The breakfast was placed outside for us on a picnic bench. Ben had an omelet with bacon, mushrooms,
cheese and tomatoes, and I had the muesli, fruit, and yogurt. It was a breakfast that jump started our day
that would be filled with a series of adventures. Low tide dictated our morning plans of
walking the beach. We drove our car to a
parking lot that was unknowingly a hot spot for paragliding. The day could not have been more perfect for
paragliding and beaching, but it was just about deserted. We climbed down the tower of wooden steps
cutting into the cliff to the sandy paradise below. Walking hand in hand down the beach, Ben and
I admired the mussels, colorful, vacant shells, and sea glass. We got to talking about making a lamp shade
out of sea glass. That conversation was
enough to send us off in all sorts of directions collecting as many pieces of
sea glass as we could spot. In the back
of my mind I knew that we would be carrying everything we picked up in our
packs, but I kept on collecting. We
filled Ben’s pockets with an impressive amount of brown and green sea glass and
some opal shells that made the “you’re pretty, we’ll keep you” cut. Finally we settled in one spot and read about
5 pages before realizing that the time had escaped us. We were looking forward to a hike that Paul,
the Fairy Knowe owner suggested that was going to take 4 hours. Before leaving, we admired some experienced
paragliders who played off the wind and discovered a dead dolphin up the beach
from us. We climbed the same steps to
our car. When we reached the top, we
were enlightened by the fact that the paragliders were taking off from the
patch of grass right next to where we parked Maria. They were gaining control, running, and
gliding off the mountain we had just hiked up.
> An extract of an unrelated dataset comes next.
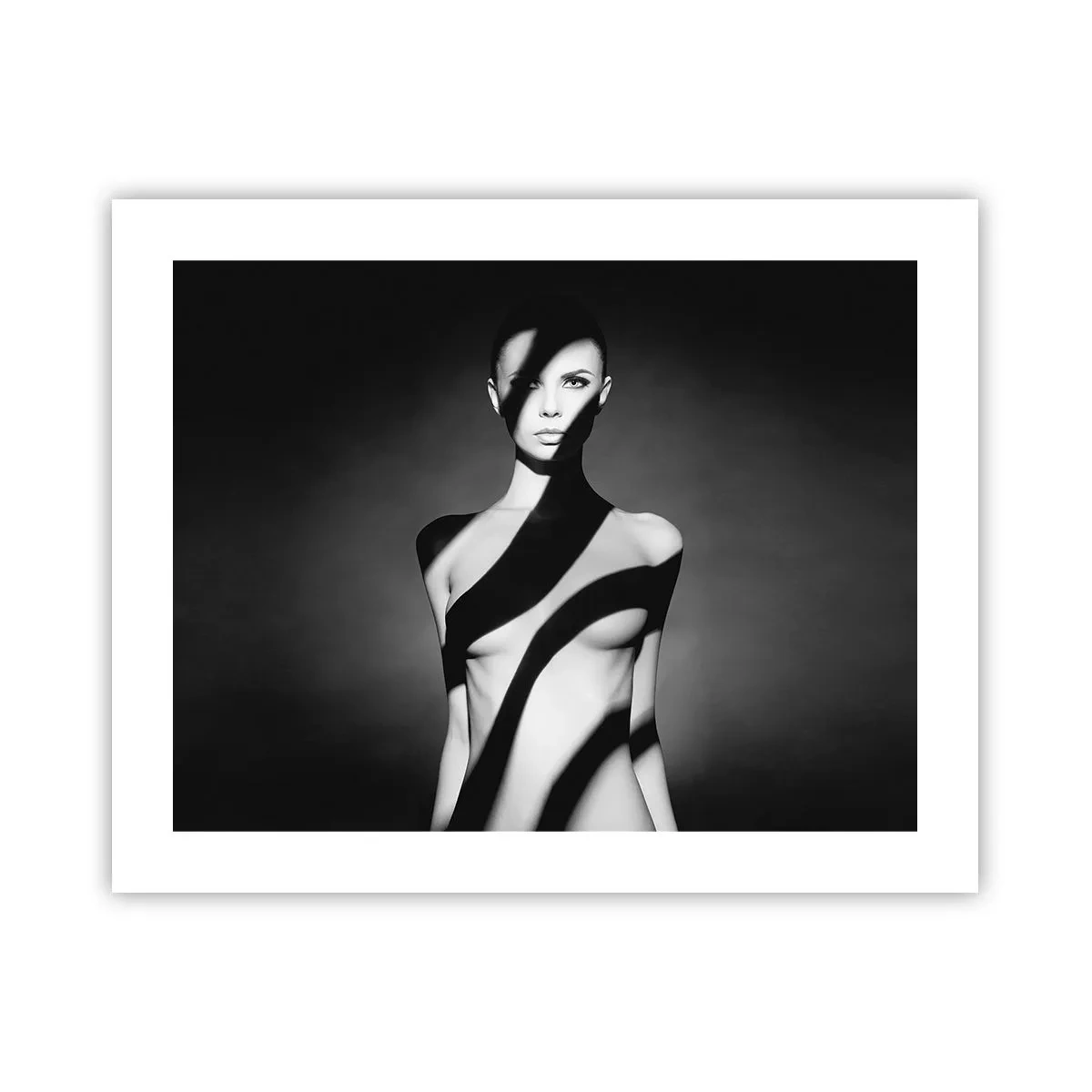 Affisch - I skenet och i skuggan - 50x40 cm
On recommendation from Paul, yet again, we went to a beach front
restaurant called Salina’s for some fish and chips before driving up to a lookout
called Map of Africa. We drove up a
steep hill to a dirt road until we saw a woman standing in the middle of the
road pointing to her left. She turned
out to be a volunteer tour guide that took us around and informed us about the
area and what we were looking at.
Looking down from where we were standing, the landscape below looked
much like the continent of Africa. The
confluence of two rivers formed a forested tip, much like the southern tip of
Africa, Cape Agulhas and the Atlantic and Indian Oceans. After our tour, we drove back to Fairy Knowe,
parked Maria, grabbed our rain coats, and set off down the path towards
Wilderness National Park. The hike began
from Fairy Knowe, which was convenient and practical. We took the more difficult Bosduif trail,
which consisted of a series of switchbacks and steep stairs that resulted in a birds-eye
view of Wilderness National Park. It was
getting cloudy and looking a bit ominous as we were beginning our descent that
was going to bring us back to a trail leading to a waterfall. It started to rain, but the canopy was thick
enough to deter me from putting on my raincoat.
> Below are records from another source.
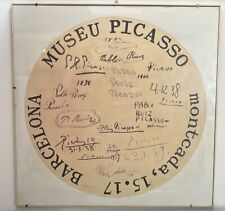 Pablo picasso museum usato  Roma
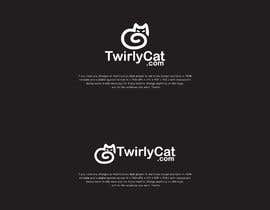 #439 untuk Logo for TwirlyCat.com oleh mdsihabkhan73
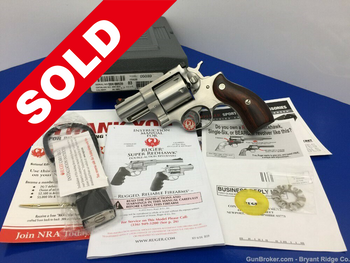 2018 Ruger Redhawk .357 Mag Stainless 2.75" *INCREDIBLE 8-SHOT REVOLVER*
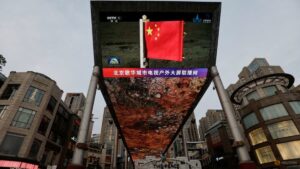 China tests spacecraft it hopes will put first Chinese on the moon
Finally we came upon a sign that told us to go right to the waterfall
via the stepping stones. It was raining
decently heavy now and the water level was such that the stepping stones were
completely submerged. Ben and I wandered
around aimlessly and unsuccessfully looking for another way to cross. Eventually we looked at each other and knew
we had a decision to make. To cross the
river, or turn back, which would inevitably result in a sense of disappointment
-failing to reach the waterfall. Ben
said, “The camp counselor in me tells me that this is a bad idea, but the
adventurer in me says hell yea, let’s do it”.
He looked at me to give away a clue as to what I was feeling, when I
reached down and started taking off my hiking boots. Ben led the way and I followed him, bare foot
walking through a river to get to a waterfall.
Oh the things I would do to see a cool waterfall. We hopped the fence to our trail and continued
on unscathed. Eventually, soaking wet,
we reached the waterfall and almost collapsed with the sense of
accomplishment. It wasn’t the most
beautiful waterfall I have ever seen, but it certainly seemed to be in those
moments. Ben whipped out a Tempo bar
(my favorite candy bar in South Africa) and we went bite for bite under spray from
both the rain and waterfall. We high
tailed it back to the stepping stones, where we observed a series of
signs. Among them was one pointing to a
pontoon just down the way a couple meters.
I didn’t know what a pontoon was, so I was expecting a little rope
bridge or something. No, no, no it was a
pully system that had Ben and I sitting on a raft. Ben reminded me of Mr. Ornet from the classic
movie African Queen, ensuring Katherine Hepburn’s (my) safety on the
river. It was starting to get a bit
dark, and the sounds of the forest were starting to freak me out a bit. I finally admitted my state of panic to Ben,
so he started singing songs from “Newsies” to divert my attention elsewhere. Finally we arrived back at Fairy Knowe safe
and sound, but very wet and cold. We
showered quickly and went for pizza at Bongo’s before calling it a night. What a day, what a day, what a day, yay
yay.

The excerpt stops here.